Botafogo, Flamengo, Puebla, Ajaccio, Fluminense, Vasco da Gama, Independiente… entre outros. À primeira vista este não parece ser um currículo particularmente modesto no que à vida de um futebolista sul americano diz respeito. Para um brasileiro, ainda para mais, juntar o Independiente, um dos gigantes da América do Sul, a alguns dos maiores clubes brasileiros, ainda para mais, os quatro grandes do Rio de Janeiro, é mesmo um currículo a roçar o invejável. Este é o currículo de Carlos Henrique Raposo. O currículo de Carlos Kaiser, o maior aldrabão da história do futebol brasileiro e, quem sabe, do futebol internacional.

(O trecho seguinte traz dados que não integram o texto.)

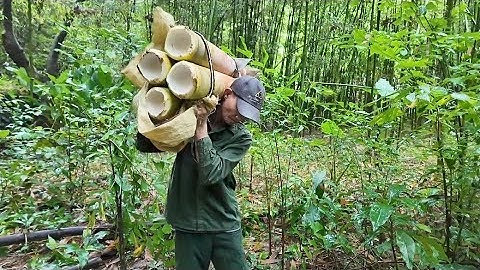 DŨNG THẬT THÀ ||MỘT NGÀY ĐI LẤY MĂNG RỪNG TOÀN MĂNG K.H.Ủ.NG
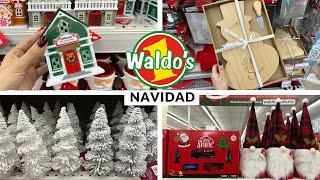 MEGA RECORRIDO NAVIDEÑO WALDO´S 2024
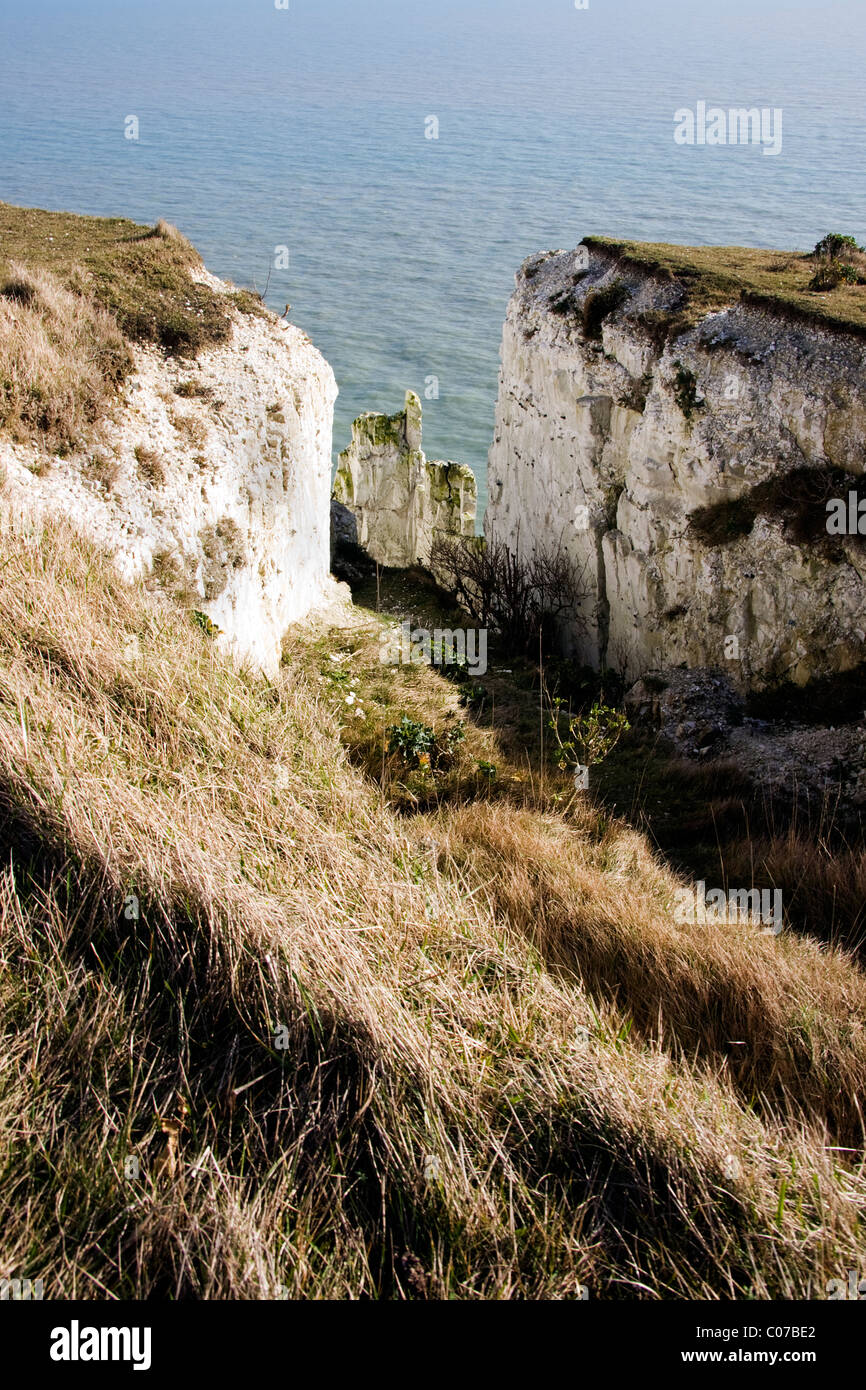 Coastal views of the White Cliffs of Dover on National Trust land with spectacular, hair raising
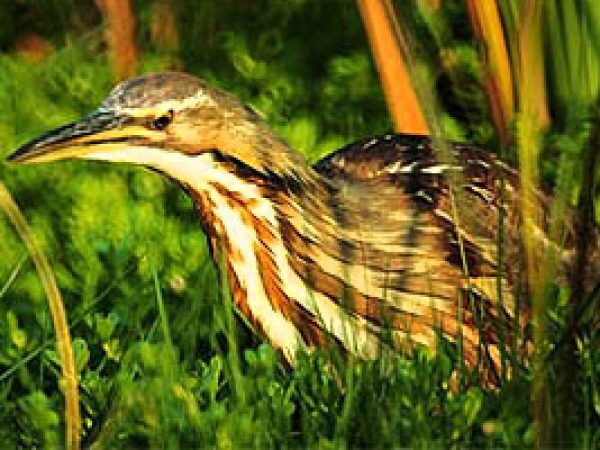 American bittern (Botaurus lentiginosus). Photo courtesy South Florida Water Management District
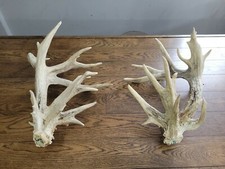 Whitetail deer antler for sale  Sandwich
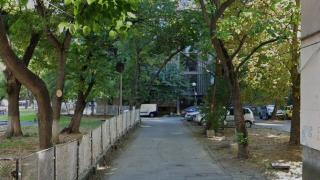 След дъжд качулка: Махнаха опасните дървета от мястото, където бяха премазани три деца 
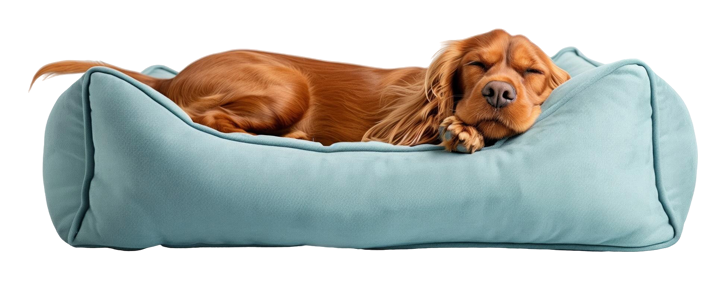 Pet Beds Evansville
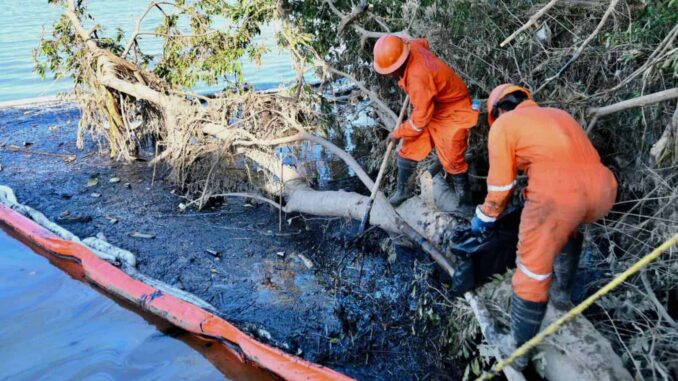 Así se ve el derrame de hidrocarburo en el río Tuxpan, Veracruz; suman 345 mil litros recuperados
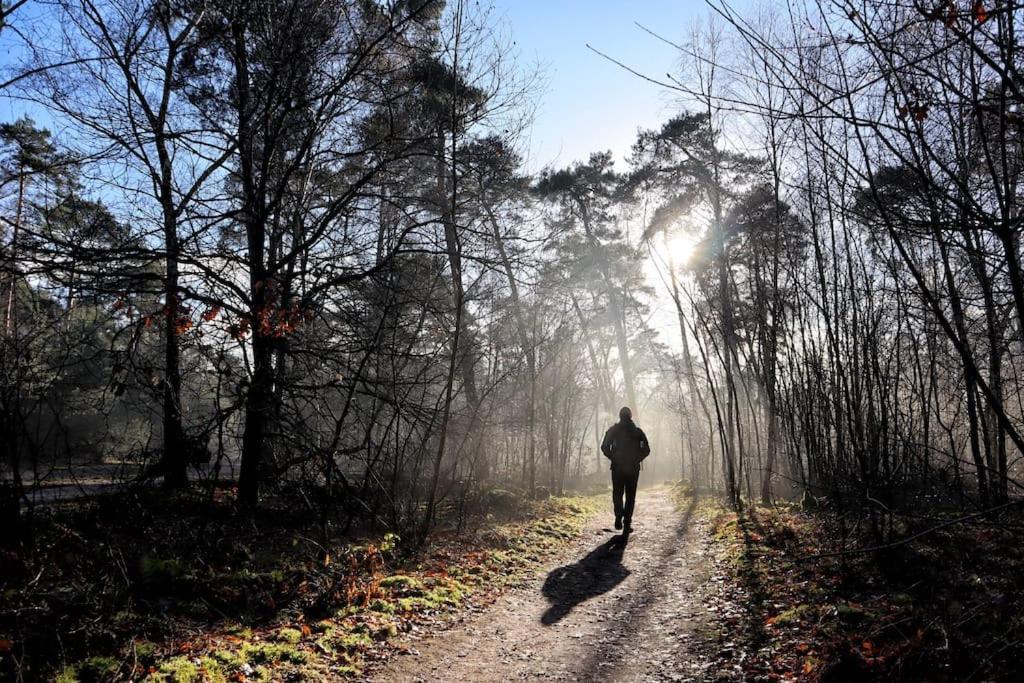 Natuurhuisje Oisterwijkヴィラ エクステリア 写真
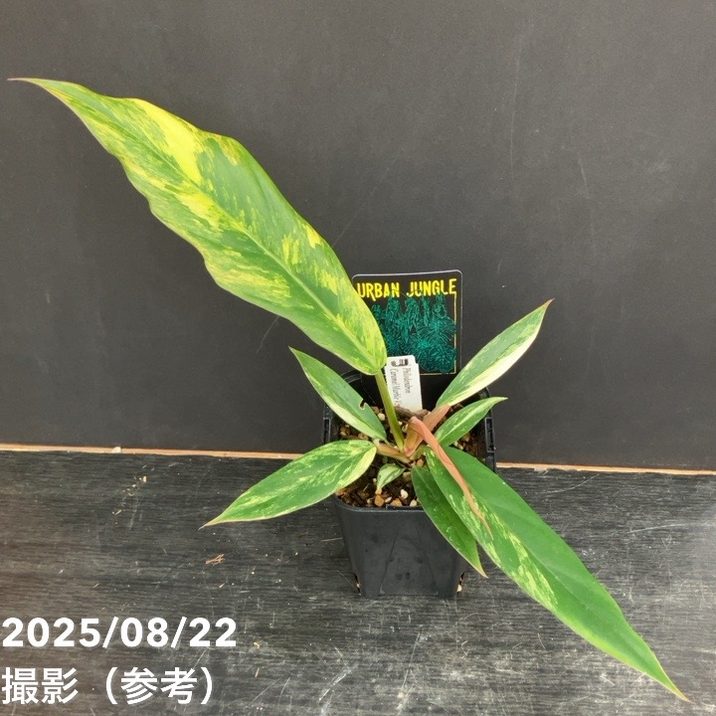 【本日限定価格】フィロデンドロン キャラメルマーブル 期間限定10％OFF！】【現品お届け】フィロデンドロン キャラメル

Hoje budista e Personal Trainer, há muito que a vida de Carlos Kaiser dava um filme. Terá sido isso que pensou Louis Myles, realizador britânico que estreará nos próximos meses o documentário Kaiser: o melhor futebolista que nunca jogou futebol. 2018 será o ano em que a história da vida e da carreira fabricada de Carlos Kaiser será finalmente do domínio público com a edição de um livro escrito pelo jornalista Rob Smyth. A história de um homem que durante 26 anos enganou alguns dos maiores clubes do Mundo, que encheu um estádio em França para a sua apresentação oficial e que, por pouco, não representou também o Louletano.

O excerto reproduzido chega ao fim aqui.